Work item:
The following data has a line with "2017 VOLKSWAGEN TIGUAN" and a line with "Photo 1 of Sale". Write out exactly those lines and all the lines between them.

Supplied entries:
>>
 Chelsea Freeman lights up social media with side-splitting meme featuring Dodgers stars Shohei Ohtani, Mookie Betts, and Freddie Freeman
<<
>>
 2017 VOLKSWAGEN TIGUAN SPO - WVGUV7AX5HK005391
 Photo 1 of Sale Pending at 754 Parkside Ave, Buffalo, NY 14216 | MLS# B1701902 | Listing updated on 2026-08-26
<<
>>
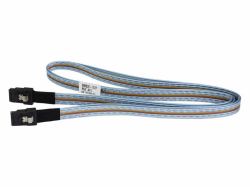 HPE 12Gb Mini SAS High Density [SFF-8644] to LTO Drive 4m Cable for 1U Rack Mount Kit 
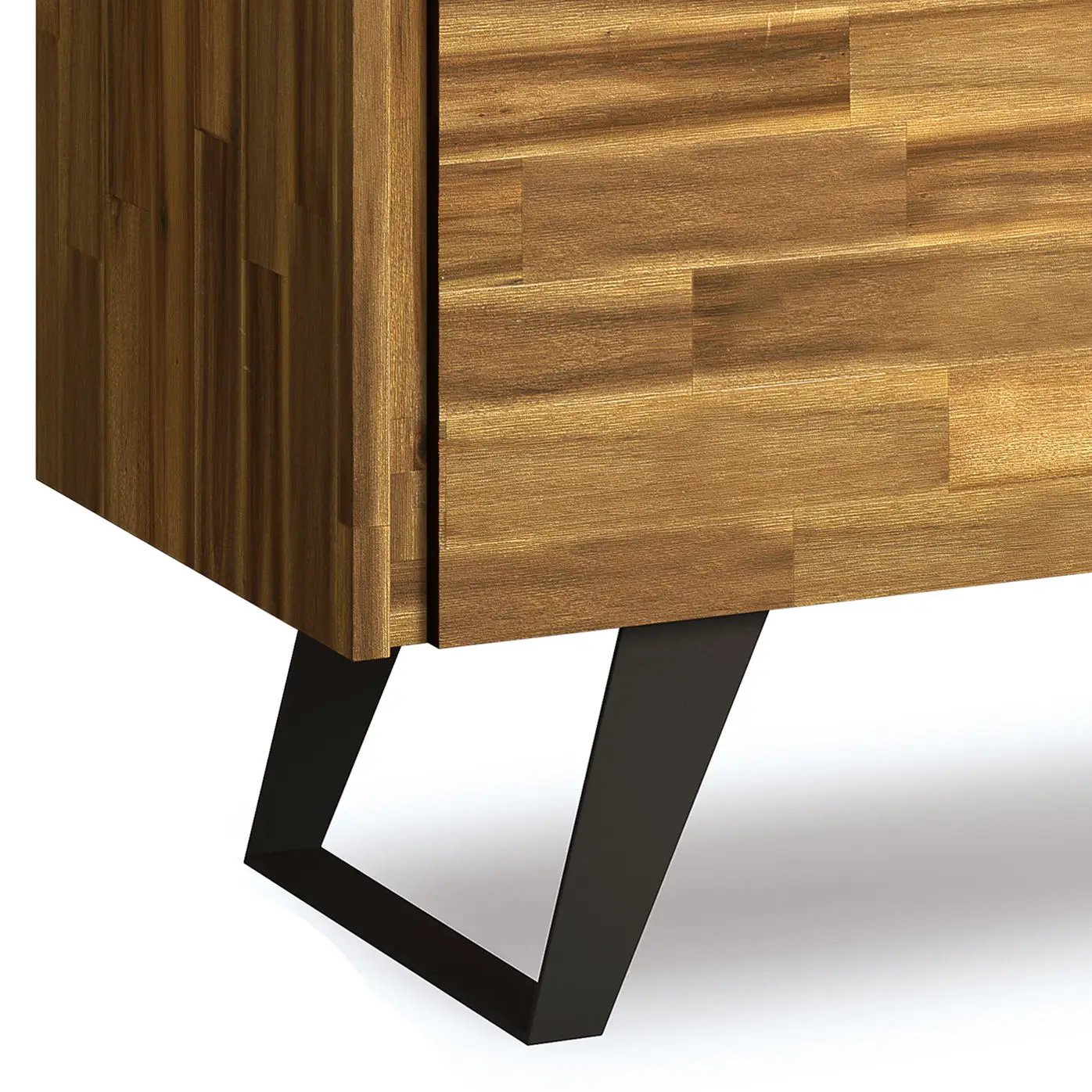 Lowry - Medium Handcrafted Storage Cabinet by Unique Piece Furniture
<<
Problem solution:
 2017 VOLKSWAGEN TIGUAN SPO - WVGUV7AX5HK005391
 Photo 1 of Sale Pending at 754 Parkside Ave, Buffalo, NY 14216 | MLS# B1701902 | Listing updated on 2026-08-26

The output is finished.